▶ What the task requires
Find every line in the data that contains the word "Peter". Return each of those lines.

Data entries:
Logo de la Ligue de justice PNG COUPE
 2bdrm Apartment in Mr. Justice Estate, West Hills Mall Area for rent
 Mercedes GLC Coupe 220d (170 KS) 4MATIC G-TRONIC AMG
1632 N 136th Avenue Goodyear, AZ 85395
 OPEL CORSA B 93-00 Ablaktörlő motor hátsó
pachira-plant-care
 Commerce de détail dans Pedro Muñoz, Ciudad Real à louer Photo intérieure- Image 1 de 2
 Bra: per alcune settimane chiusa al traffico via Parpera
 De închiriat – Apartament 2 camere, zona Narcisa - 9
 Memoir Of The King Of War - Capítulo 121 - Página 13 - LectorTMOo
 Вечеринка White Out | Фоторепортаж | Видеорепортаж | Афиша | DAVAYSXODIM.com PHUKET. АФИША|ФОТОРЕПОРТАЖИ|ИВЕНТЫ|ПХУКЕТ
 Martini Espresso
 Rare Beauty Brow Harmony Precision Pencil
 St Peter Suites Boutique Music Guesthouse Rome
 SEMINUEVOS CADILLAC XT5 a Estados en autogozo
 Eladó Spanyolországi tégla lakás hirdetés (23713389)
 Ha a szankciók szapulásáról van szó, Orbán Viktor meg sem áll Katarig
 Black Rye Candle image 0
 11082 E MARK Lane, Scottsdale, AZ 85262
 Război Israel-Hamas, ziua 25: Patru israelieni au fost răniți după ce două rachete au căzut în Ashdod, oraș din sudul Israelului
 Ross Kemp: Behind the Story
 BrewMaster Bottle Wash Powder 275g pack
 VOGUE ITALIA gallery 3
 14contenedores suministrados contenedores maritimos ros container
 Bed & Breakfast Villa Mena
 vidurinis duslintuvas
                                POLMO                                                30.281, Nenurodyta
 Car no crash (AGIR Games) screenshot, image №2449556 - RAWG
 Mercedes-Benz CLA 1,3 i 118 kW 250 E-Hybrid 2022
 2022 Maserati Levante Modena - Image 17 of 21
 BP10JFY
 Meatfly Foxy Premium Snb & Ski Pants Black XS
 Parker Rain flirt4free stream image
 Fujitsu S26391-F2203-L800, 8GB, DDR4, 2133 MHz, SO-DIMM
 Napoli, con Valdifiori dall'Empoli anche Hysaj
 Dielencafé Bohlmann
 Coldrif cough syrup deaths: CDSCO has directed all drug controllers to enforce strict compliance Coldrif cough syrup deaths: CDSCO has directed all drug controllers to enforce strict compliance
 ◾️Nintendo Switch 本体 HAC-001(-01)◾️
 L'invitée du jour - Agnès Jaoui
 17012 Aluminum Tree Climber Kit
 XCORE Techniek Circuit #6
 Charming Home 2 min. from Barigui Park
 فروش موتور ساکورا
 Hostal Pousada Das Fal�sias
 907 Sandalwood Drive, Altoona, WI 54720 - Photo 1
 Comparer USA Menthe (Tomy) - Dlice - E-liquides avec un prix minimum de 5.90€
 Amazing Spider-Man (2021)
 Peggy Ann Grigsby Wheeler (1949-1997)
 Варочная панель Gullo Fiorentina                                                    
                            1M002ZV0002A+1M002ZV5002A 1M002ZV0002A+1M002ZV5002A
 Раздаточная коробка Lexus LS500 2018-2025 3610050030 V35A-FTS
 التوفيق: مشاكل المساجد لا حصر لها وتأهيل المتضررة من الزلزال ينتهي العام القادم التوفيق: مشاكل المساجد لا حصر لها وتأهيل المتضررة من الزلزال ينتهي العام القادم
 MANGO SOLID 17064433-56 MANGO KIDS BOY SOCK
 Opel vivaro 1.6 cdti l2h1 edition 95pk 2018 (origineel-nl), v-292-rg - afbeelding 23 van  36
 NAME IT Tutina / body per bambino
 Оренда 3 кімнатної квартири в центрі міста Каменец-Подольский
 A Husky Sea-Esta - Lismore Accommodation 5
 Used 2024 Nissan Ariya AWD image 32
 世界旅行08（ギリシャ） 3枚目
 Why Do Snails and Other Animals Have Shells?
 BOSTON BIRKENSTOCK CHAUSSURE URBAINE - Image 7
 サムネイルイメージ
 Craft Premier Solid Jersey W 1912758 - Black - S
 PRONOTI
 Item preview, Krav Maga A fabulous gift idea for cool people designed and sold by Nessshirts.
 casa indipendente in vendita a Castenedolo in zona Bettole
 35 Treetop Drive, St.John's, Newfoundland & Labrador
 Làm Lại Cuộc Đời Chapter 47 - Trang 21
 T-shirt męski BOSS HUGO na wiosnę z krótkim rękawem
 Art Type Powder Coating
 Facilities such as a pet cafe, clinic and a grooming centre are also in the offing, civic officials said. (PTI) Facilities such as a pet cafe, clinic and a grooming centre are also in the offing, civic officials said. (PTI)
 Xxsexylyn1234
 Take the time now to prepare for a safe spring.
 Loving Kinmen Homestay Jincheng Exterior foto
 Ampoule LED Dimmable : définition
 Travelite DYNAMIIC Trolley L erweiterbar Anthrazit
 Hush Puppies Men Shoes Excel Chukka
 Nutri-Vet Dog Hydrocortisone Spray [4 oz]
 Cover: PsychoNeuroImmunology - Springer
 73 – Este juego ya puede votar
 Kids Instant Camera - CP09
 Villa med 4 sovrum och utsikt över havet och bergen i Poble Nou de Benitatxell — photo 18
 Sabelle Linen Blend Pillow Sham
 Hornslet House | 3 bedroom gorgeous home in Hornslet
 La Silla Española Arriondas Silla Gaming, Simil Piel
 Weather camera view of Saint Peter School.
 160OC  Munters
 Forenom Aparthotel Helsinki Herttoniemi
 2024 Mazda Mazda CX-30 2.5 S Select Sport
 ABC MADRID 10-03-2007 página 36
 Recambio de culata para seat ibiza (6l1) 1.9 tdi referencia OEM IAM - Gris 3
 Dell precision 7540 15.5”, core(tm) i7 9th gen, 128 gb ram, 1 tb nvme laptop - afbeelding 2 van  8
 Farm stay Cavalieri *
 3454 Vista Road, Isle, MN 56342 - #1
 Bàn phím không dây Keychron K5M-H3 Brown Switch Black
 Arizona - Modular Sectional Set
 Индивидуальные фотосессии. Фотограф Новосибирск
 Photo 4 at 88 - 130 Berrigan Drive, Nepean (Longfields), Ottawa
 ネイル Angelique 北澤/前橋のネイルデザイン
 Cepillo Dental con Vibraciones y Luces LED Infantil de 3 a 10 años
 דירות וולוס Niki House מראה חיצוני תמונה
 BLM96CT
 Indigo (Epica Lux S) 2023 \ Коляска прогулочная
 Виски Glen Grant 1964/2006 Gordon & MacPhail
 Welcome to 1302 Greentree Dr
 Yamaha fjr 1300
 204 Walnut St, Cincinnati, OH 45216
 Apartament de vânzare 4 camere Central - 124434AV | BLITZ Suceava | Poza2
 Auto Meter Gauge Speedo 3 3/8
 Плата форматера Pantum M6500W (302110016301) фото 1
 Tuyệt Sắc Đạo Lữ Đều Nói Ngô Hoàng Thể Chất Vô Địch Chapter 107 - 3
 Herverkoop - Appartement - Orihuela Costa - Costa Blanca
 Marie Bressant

▶ Result for this task
 St Peter Suites Boutique Music Guesthouse Rome
 Weather camera view of Saint Peter School.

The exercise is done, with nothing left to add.